## TASK OBJECTIVE
Could you write out, exactly and with no pictures, every line from the one containing "MARSİLYAN™- iPhone 15" through the last line of the entries?

____ SUPPLIED MATERIAL

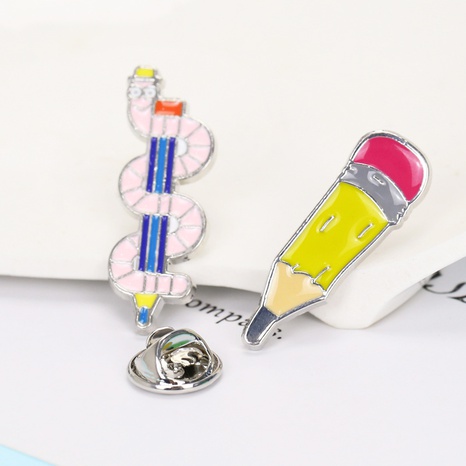 creative new cute snake pencil dripping oil brooch badge's discount tags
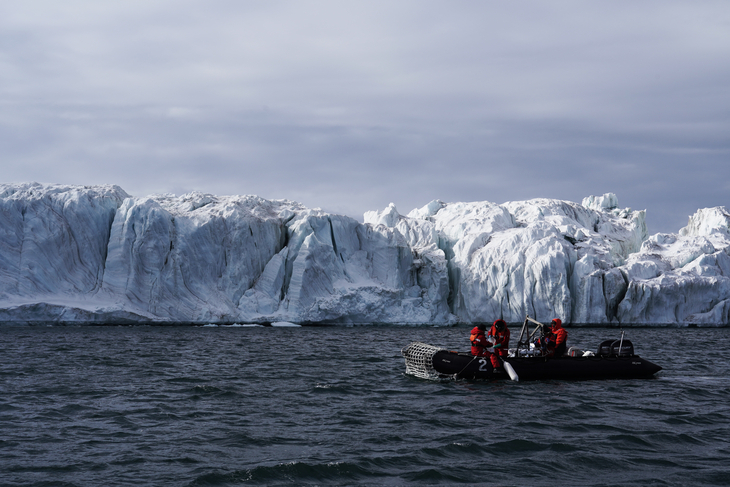 Researchers conduct research activities off the Antarctic Jang Bogo Station located at Terra Nova Bay, Northern Victoria Land, Antarctica. (KOPRI)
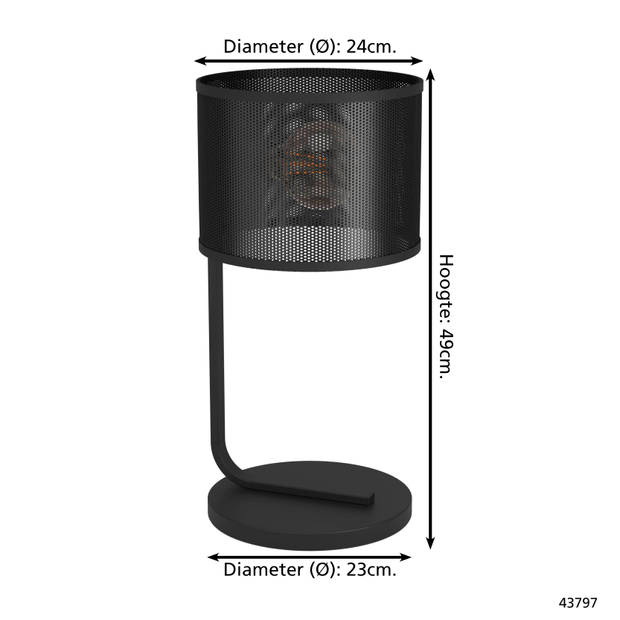 EGLO Manby Tafellamp - E27 - 49 cm - Zwart - Staal
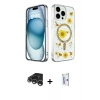 MARSİLYAN™- iPhone 15 Pro Max Kılıf Kozmos Doku - Siyah Bilvis 0.18mm Plus Cam Ekran Koruyucu + Raze Metal Kamera Lens - GS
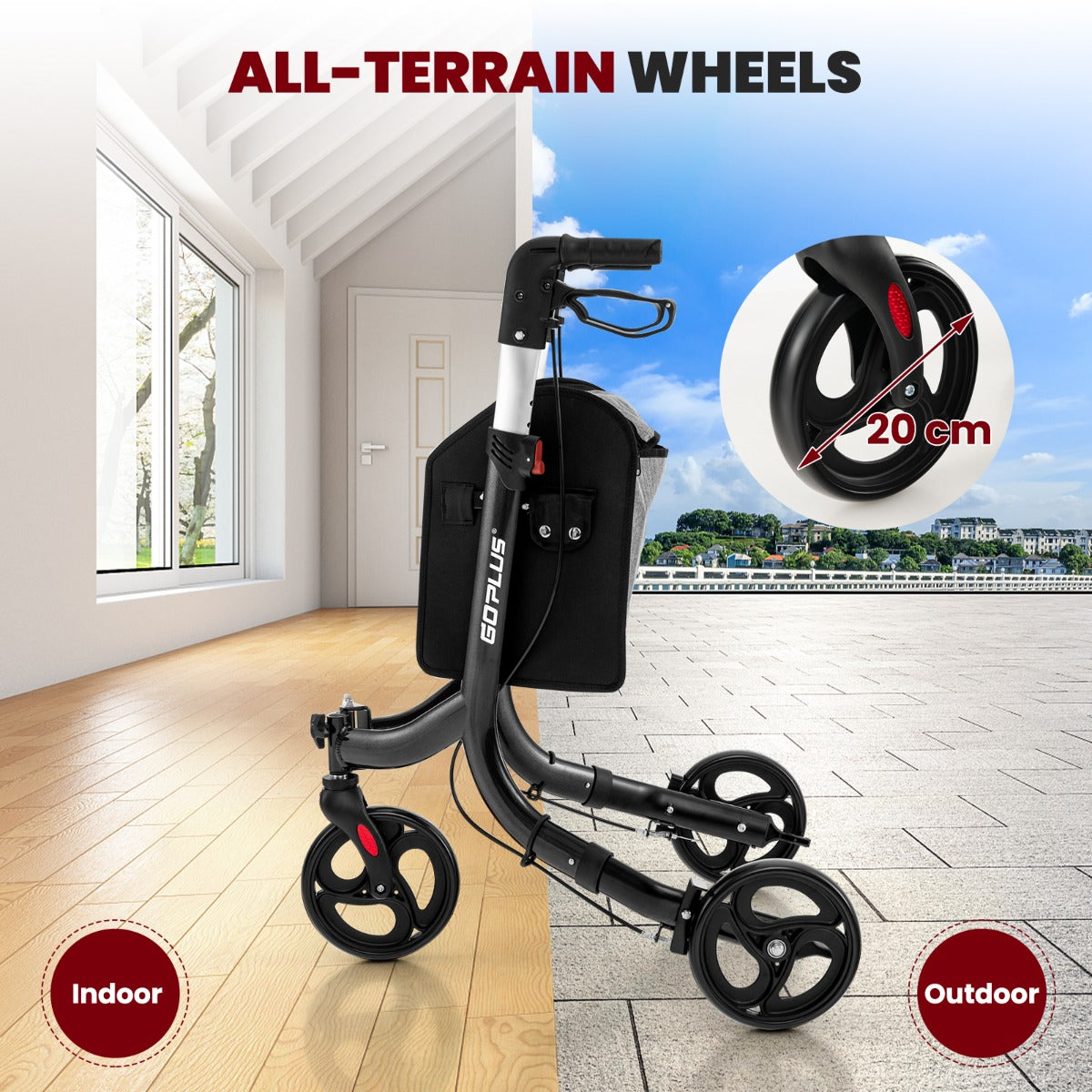 Aluminium Foldable 3-Wheel Rollator Walker with Adjustable Handle, Brakes-Black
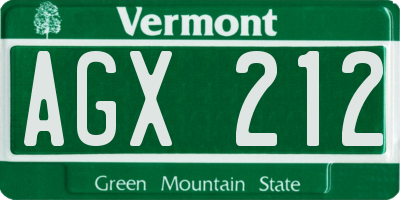 VT license plate AGX212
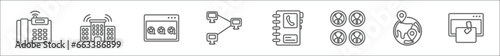 outline set of networking line icons. linear vector icons such as domestic phone, school network, stars balloons, continuous line, contact book, group avatar, localization, backlink photo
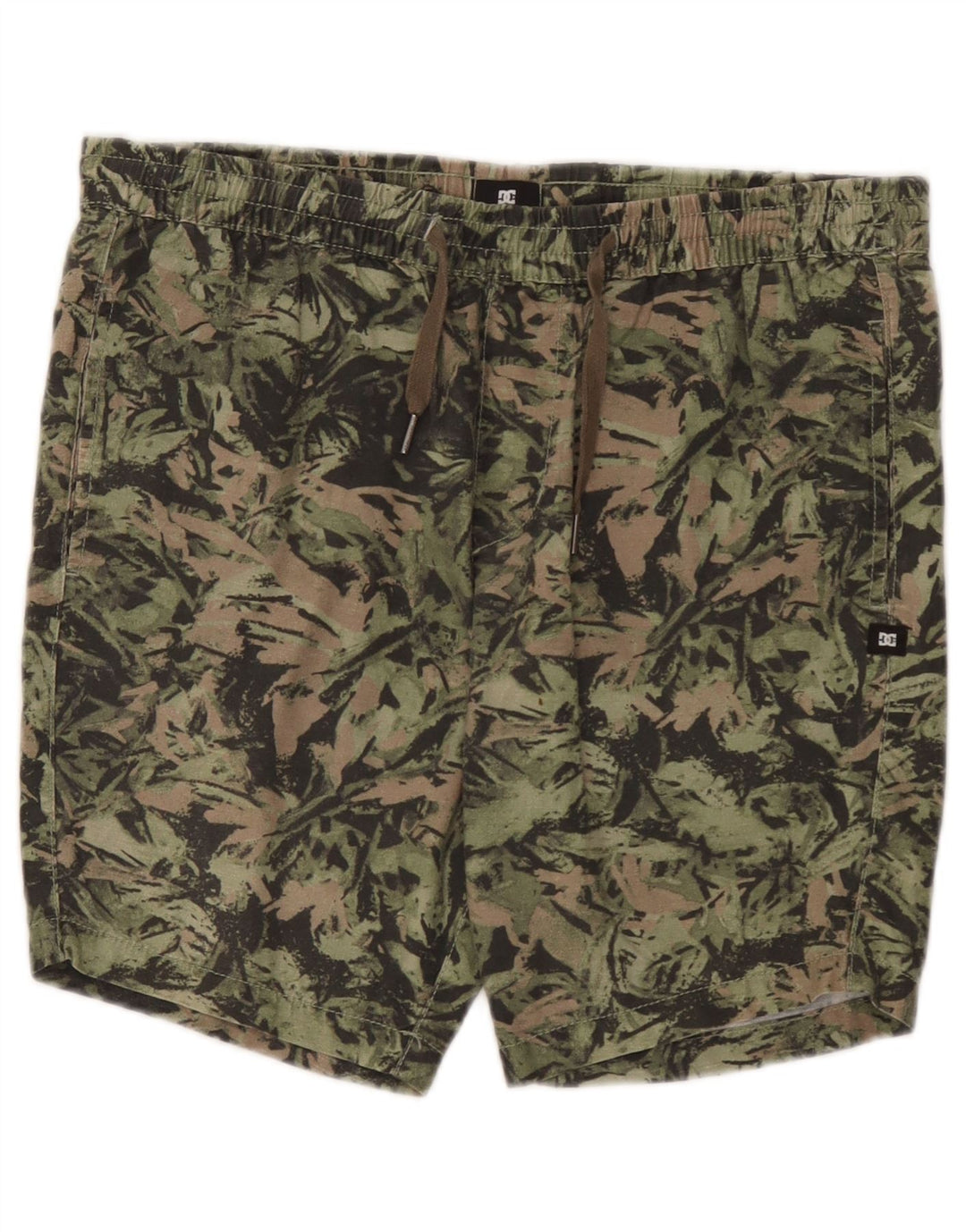 DC Herren-Sportshorts, klein, grüne Camouflage-Baumwolle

________

## EXERCISE RESPONSE
 MARSİLYAN™- iPhone 15 Pro Max Kılıf Kozmos Doku - Siyah Bilvis 0.18mm Plus Cam Ekran Koruyucu + Raze Metal Kamera Lens - GS
 Aluminium Foldable 3-Wheel Rollator Walker with Adjustable Handle, Brakes-Black
 VT license plate AGX212
 outline set of networking line icons. linear vector icons such as domestic phone, school network, stars balloons, continuous line, contact book, group avatar, localization, backlink photo
 DC Herren-Sportshorts, klein, grüne Camouflage-Baumwolle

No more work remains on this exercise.